The Crack-Up

February 21, 2010

While writing notes to a lecture early this morning, I used the phrase “not all it’s cracked up to be.” Perhaps it was because the hour was so early or perhaps it was because I hadn’t finished my first cup of coffee, for the first time in my life, this phrase struck me as odd. I couldn’t make any literal or figurative sense of it. To “crack up” meaning to suffer an emotional or mental breakdown makes sense because it suggests both a falling apart and a falling down. To “crack up” meaning to respond with wild laughter feels right because it has to do with losing composure. But something’s being “not all it’s cracked up to be.” What does that mean?
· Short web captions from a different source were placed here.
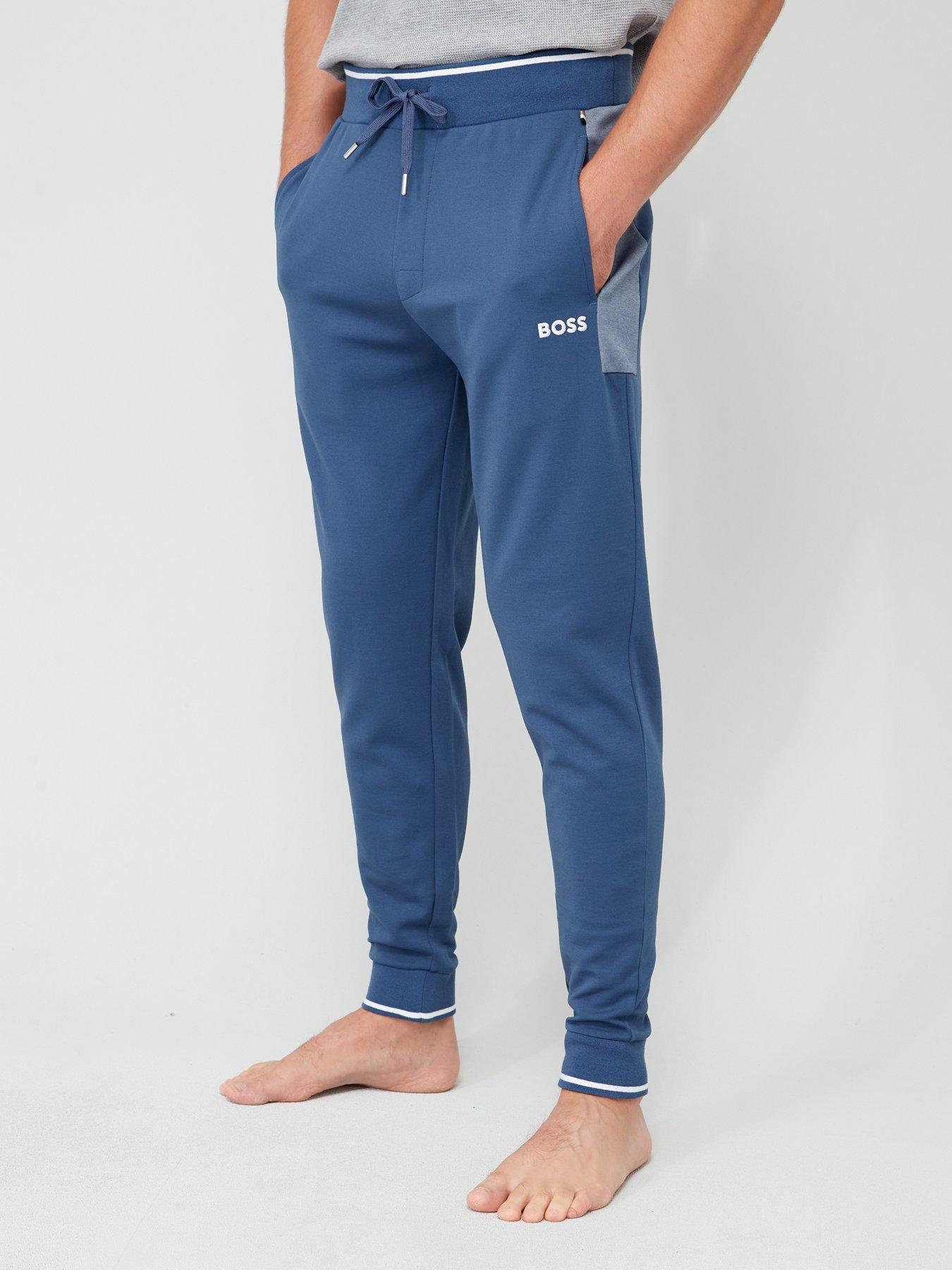 BOSS Bodywear Tracksuit Lounge Pants - Blue | very.co.uk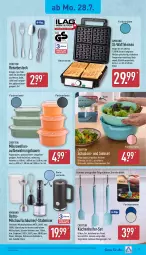 Gazetka promocyjna Aldi Nord - Von Montag - Gazetka - ważna od 02.08 do 02.08.2025 - strona 19 - produkty: ambia, aufbewahrungsbox, besteck, Crofton, decke, Deckel, dell, edelstahl, eis, elle, gabel, gin, küche, Küchen, Küchenhelfer, leine, LG, Löffel, messer, mikrowelle, milch, milchaufschäumer, Mixer, Mode, Pinsel, reis, Ria, schüssel, Sport, spülmaschinen, stabmixer, Teigschaber, Ti, überhitzungsschutz, Waffeleisen, waffeln, ZTE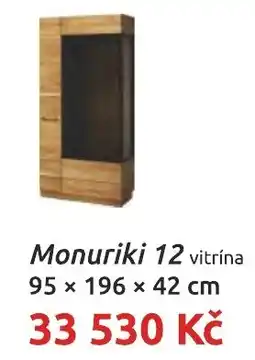 Nábytkáři Čech a Moravy Monuriki 12 vitrína nabídka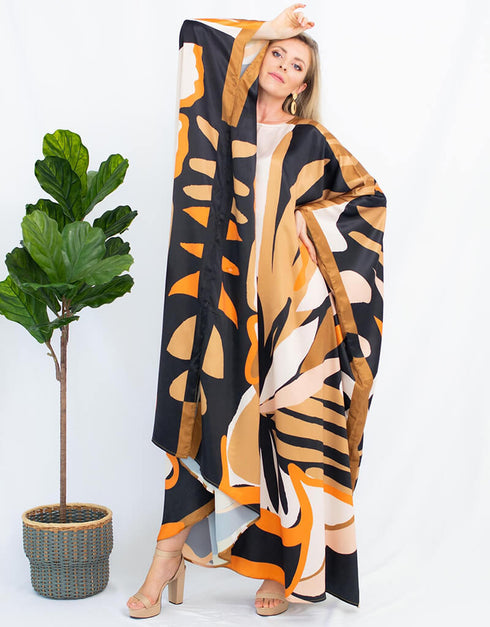 Light Orange Heavy Designer Digital Printed Maxi Style Dress Buy Beach Kaftans Online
A quick tour through the Oxford English Dictionary answered the question. As far back as 1450, “crack” came into English usage meaning “loud talk, boast, brag,” and sometimes “exaggeration”; a bit later, the meaning “to pronounce or tell briskly” was added. By the nineteenth century in America, it evolved into the idiom, “to crack up,” meaning “to praise.” Thus, “William cracked up his brother Tim’s new book.” If Tim’s new book wasn’t very good, then it “was all it was cracked up to be.”

As far as I can tell, “crack” with its all those meanings of speaking, boasting, and pronouncing briskly has fallen out of usage. Except for “crack a joke,” the almost defunct “cracking wise” (still hanging in there, though, in its variant, “wisecrack”), and of course “not all it’s cracked up to be,” all of which survive in our language like so many marsupials, “crack” meaning some sort of “talk” is pretty much extinct.